• **Instructions to follow**:
For every line below, restate it exactly and drop the images.

• **Data section**:

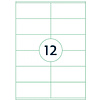 Самоклеящиеся этикетки универсальные "Rillprint", 105x48 мм, 100 листов, 12 шт, белый - 2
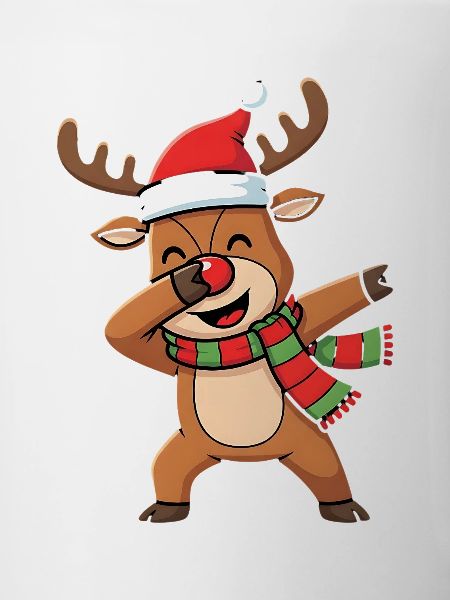 Funny dabbing reindeer Christmas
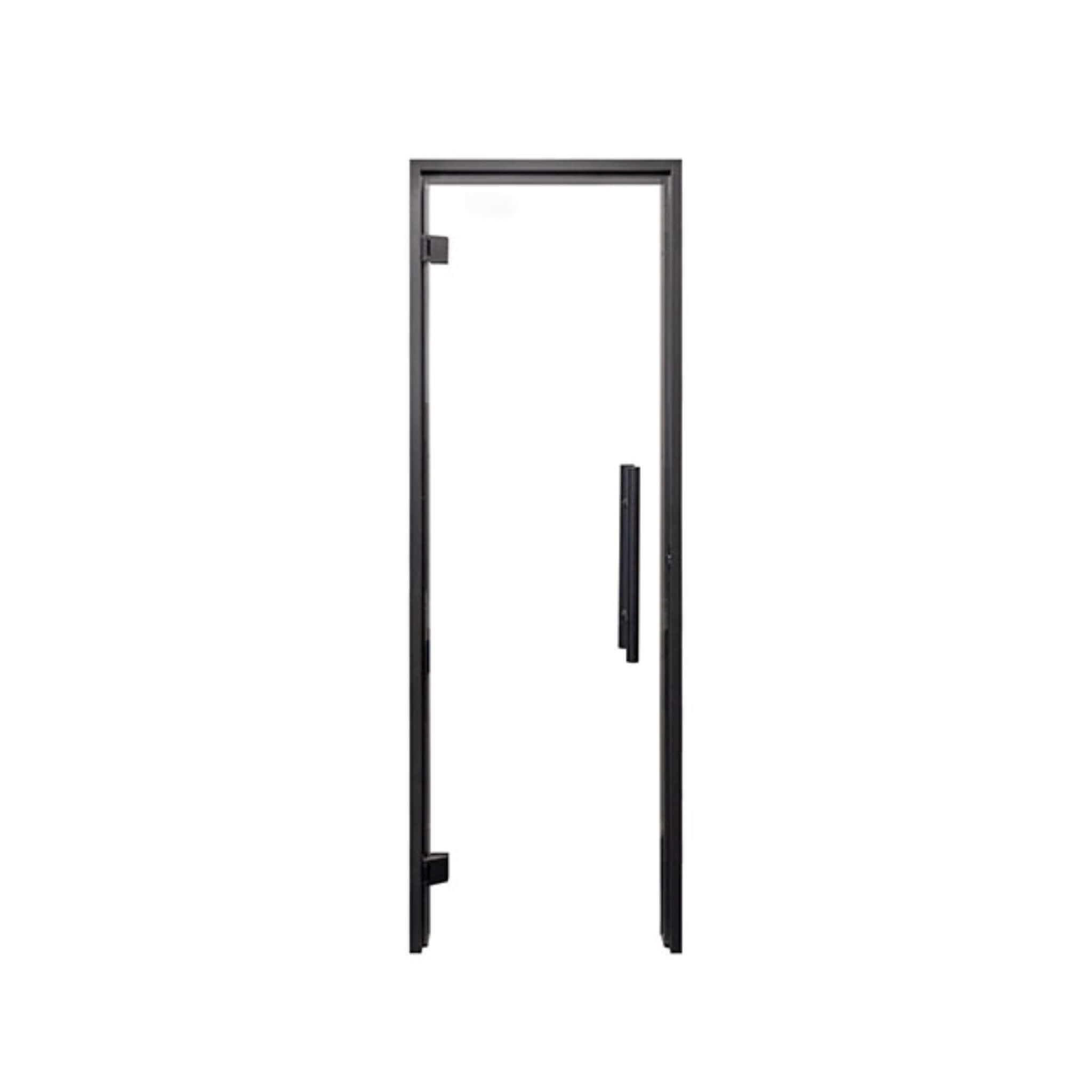 Prosaunas 24X81-Inch Black Alder Clear Glass Sauna Door (SAK38670) – SAKSBY WHOLESALE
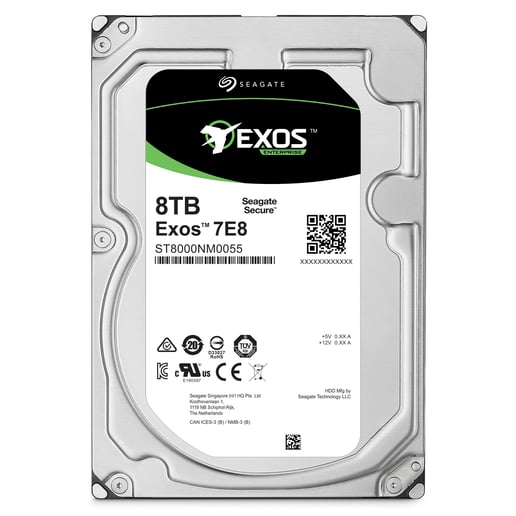 Seagate Exos 7E8 8TB SATA III 3.5" Hard Drive - 7200RPM, 256MB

• **The answer**:
 Самоклеящиеся этикетки универсальные "Rillprint", 105x48 мм, 100 листов, 12 шт, белый - 2
 Funny dabbing reindeer Christmas
 Prosaunas 24X81-Inch Black Alder Clear Glass Sauna Door (SAK38670) – SAKSBY WHOLESALE
 Seagate Exos 7E8 8TB SATA III 3.5" Hard Drive - 7200RPM, 256MB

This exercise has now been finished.